Noise has always been a bit of a problem for Boston Dynamics' robotic quadrupeds. LS3's predecessor BigDog was powered by a two-stroke go-kart engine, and a contract in 2013 to develop the Legged Squad Support System (reportedly worth almost $10 million) specified that it needed a quieter method of propulsion as well the ability to better resist gunfire.

Over the course of its development, LS3 was given updates to make it more autonomous, able to automatically follow humans and even respond to basic voice commands like "follow," "sit," and "stay." But, it seems it never really became all that quiet. In videos of the barrel-chested robot in action during military trials last summer, it sounds as loud as a sit-on lawnmower — definitely not the sort of companion you'd want bumbling alongside you on a nighttime patrol.

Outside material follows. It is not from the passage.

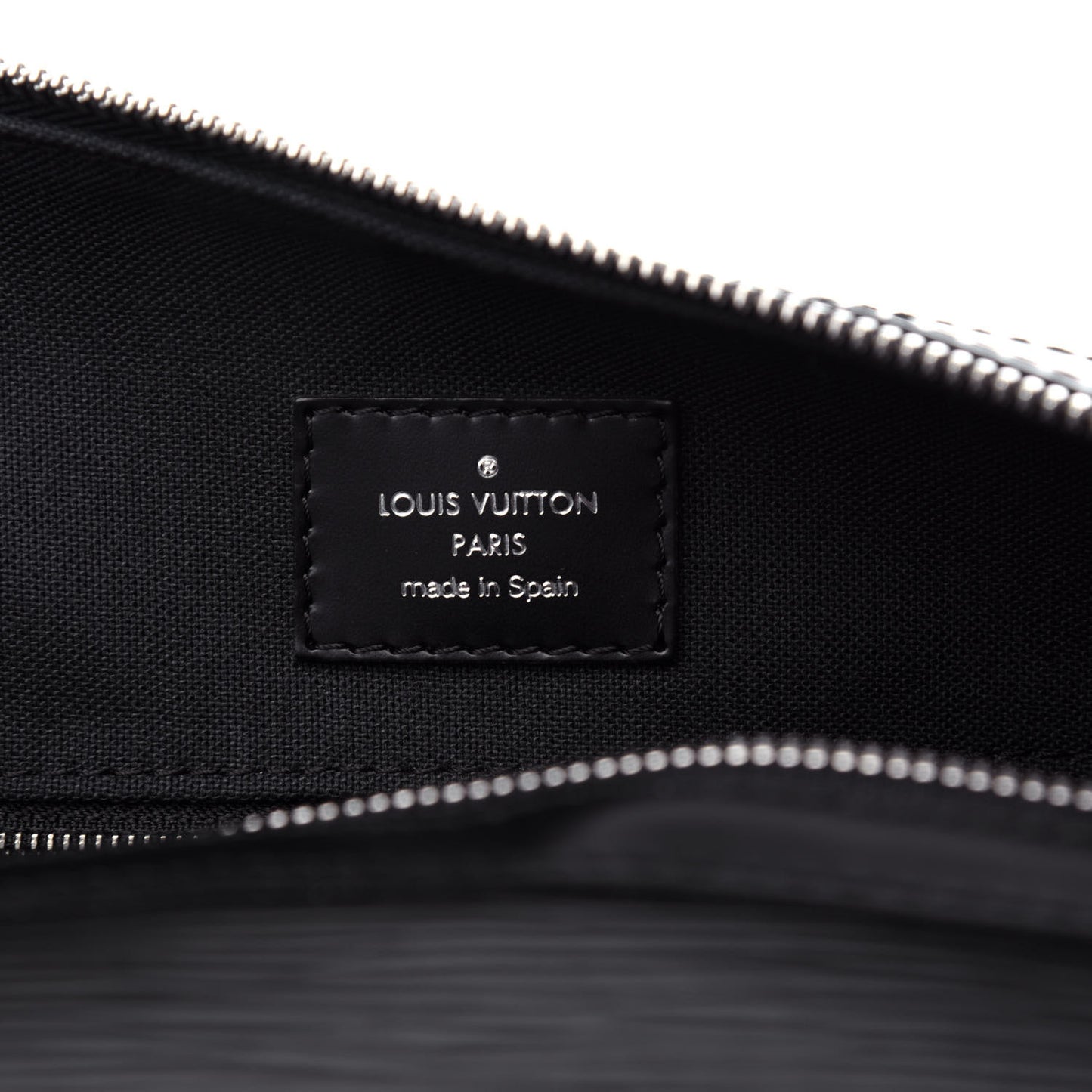Epi Sac De Ville Bourget Black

Boston Dynamics — which was bought by Google in 2013 — did attempt to remedy these problems by building a smaller, electric-powered version of the robot named Spot. But, says, this version had to be steered by a driver at all times and could only carry around 40 pounds of equipment — far less than the LS3's capacity of 400 pounds, and not enough to fulfill the role of pack mule.

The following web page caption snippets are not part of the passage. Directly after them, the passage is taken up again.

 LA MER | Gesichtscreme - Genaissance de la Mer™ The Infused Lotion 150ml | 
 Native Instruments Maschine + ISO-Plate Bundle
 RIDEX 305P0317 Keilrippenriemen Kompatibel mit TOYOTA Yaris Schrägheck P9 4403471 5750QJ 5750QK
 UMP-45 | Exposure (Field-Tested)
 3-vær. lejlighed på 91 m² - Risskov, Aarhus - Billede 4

It's not clear, though, whether or not we've seen the last of this breed of robotic quadruped. The Marine Corps say it's learned a lot about autonomous technology from the project, and the machine's self-balancing capabilities have always seemed impressive. Perhaps if suitable engine technology is found in the future these robots will come high stepping back into fashion. Who knows, we might never even hear them coming.